19) Why not give them sacks of grain? The potato blight did not cause catastrophic death and emigration anywhere else in Europe. Genocide, an old game.

20) What was her name — the girl in the well? Now we remember the scuba diver who didn’t make it out trying to save that trapped soccer team.

21) ‘Get me out of here,’ thought every single one of those boys. How polite their desperation!

22) Hamburger grease and twitter thumbs do not go well together. Can no one stop the man?

23) All the saviors fall down. They, too, might as well be trapped in a damp cave in Thailand with a flooded egress. We holler and holler for their help when they are the ones in need of rescue.

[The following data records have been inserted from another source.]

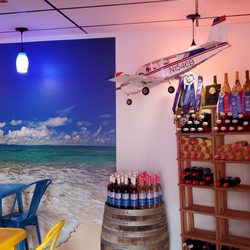 Talerico's Tropical Winery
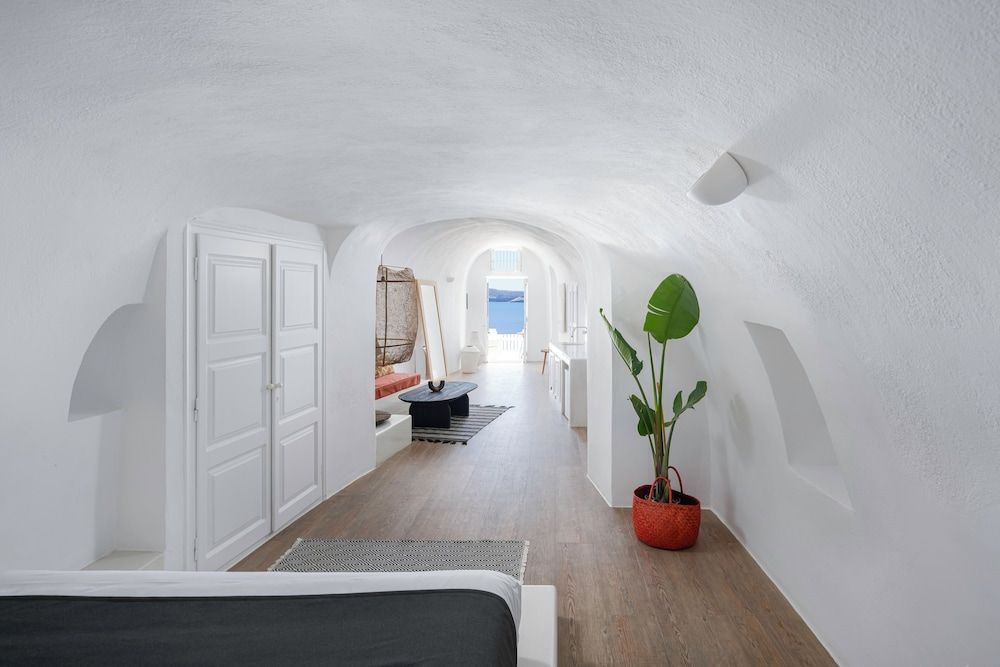 Sophia Oia View Gateway Sophia with Private Plunge Pool & Caldera Oia View 8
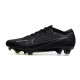 Nike Air Zoom Mercurial Vapor XV Elite FG Negro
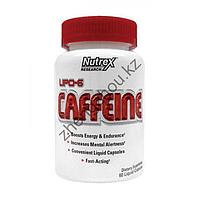 Жиросжигатель NUTREX Lipo 6 Caffeine ( 60 капсул) Lipo 6 Caffeine Жиросжигатель NUTREX Lipo 6 Caffeine ( 60 капсул)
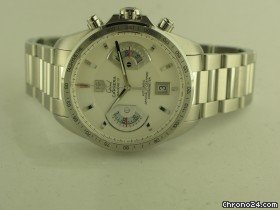 replica TAG Heuer GRAND CARRERA CAV511B.BA0902 WATCHES 1 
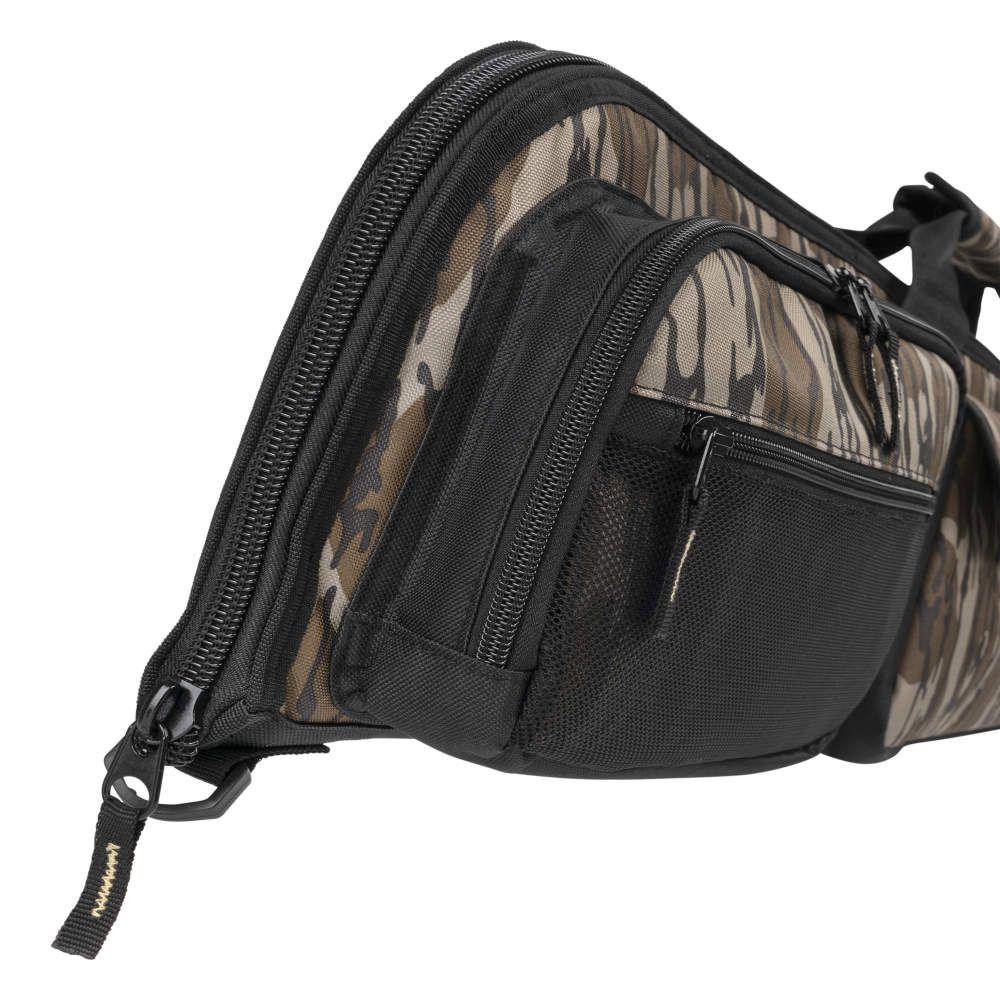 Allen Eliminator Soft Shotgun Case 52" Mossy Oak Bottomland Allen Eliminator Soft Shotgun Case 52" Mossy Oak Bottomland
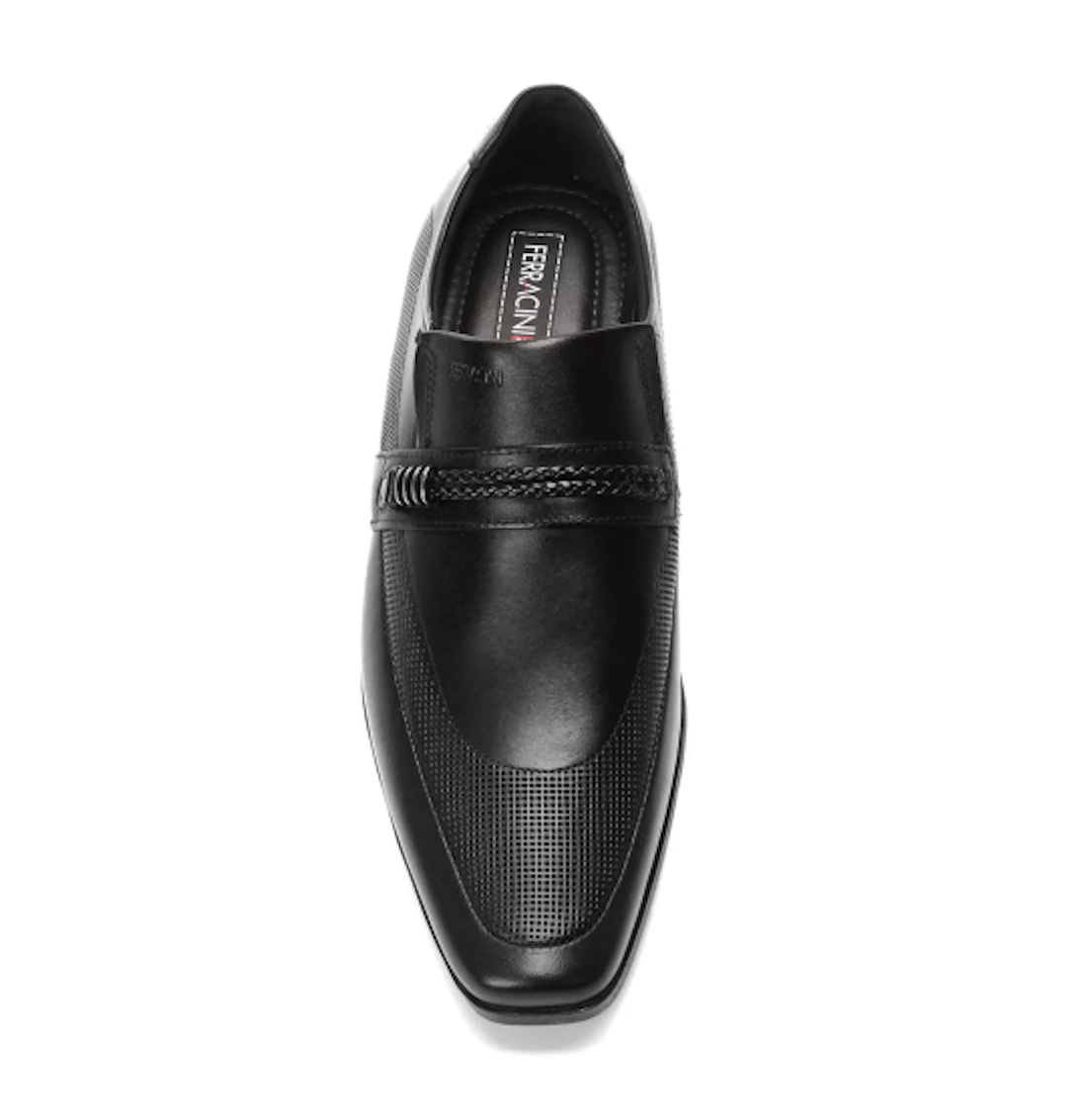 Ferracini Liverpool Zapato de Piel para Hombre 4061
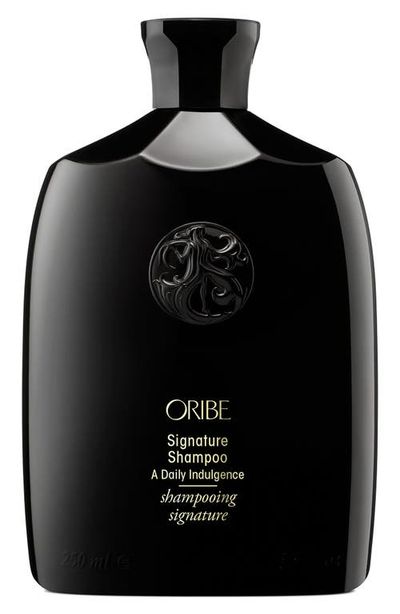 Oribe Oribe Signature Gentle Daily Shampoo for Hydration & Shine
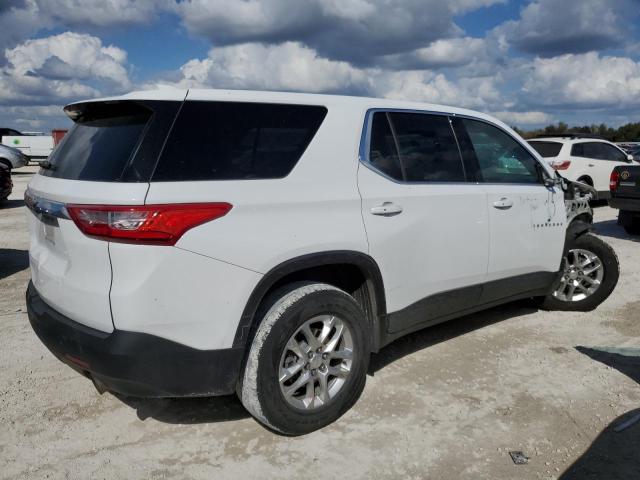 Photo 2 VIN: 1GNERFKW1LJ313922 - CHEVROLET TRAVERSE L 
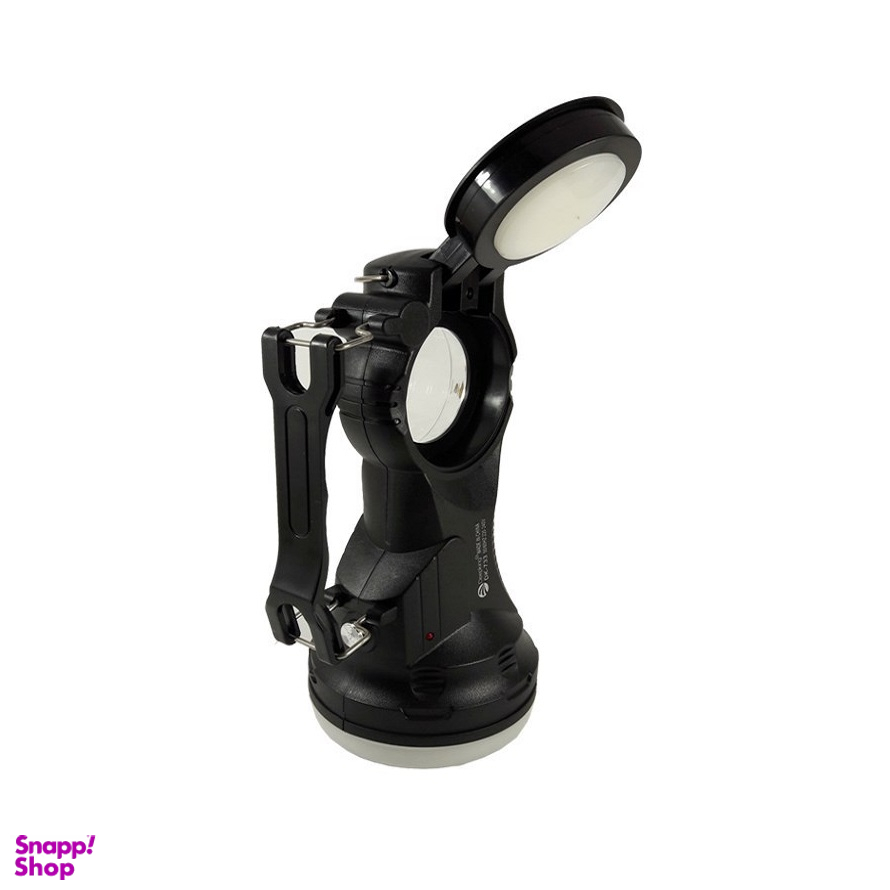 چراغ قوه مدل دو کاره DK-733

24) Can no one stop the man?

25) Traffic on the Bourne Bridge crawled to an absolute halt. There was no way out. An existential crisis. Would Jennifer eventually slide forward past the narrow rails and be reborn. Get it?

26) If I count to ten or a hundred will it go away? If I count to ten or a hundred will I go away? If I count to ten or a hundred and vanish, who will I be after?

27) The Committee chairs bored even themselves. Why keep talking?

28) The partner in the corner office humiliated her with a guffaw at a department lunch. Much later Jennifer will rail out loud: “I’d rather be a decent person than a good lawyer.” Fucking boilerplate!

29) Interminable wait. Wooden benches. Dead, hostile faces at the counter. 84. Oh god, I’m 110.

30). Wait for it. Wait for it. She’s still waiting for it.

31) Her apartment smells rank — a vile combo of garbage and urine. There are so many boxes and piles of crap everywhere, there’s no where to sit. ‘Did I want to watch CSI-Los Angeles reruns?’ she asks as if everything was normal.

32) At some point, we all shed the body.

Finally, well, there is no finally — just strings of intolerable moments punctuated by sweet spring air, a perfect omelet, the well-timed embrace, passionate release, the just-right pocketbook, friendships that endure, a cool glass of bubbly water on the deck in July with a good book, oak trees that rattle all winter, catalpas that litter the ground with orchids in spring, the devotion of dogs, the quirky affection of cats, a difficult catch made, dancing into remembrance, the blues, rock and roll, the sound of pounding surf, the smell of pounding surf, foaming surf on ankles and knees, a dip in the cold Atlantic, his clever wit, my laughter, your beauty, purple shadows on snow, the old dog relaxing in his bed at last.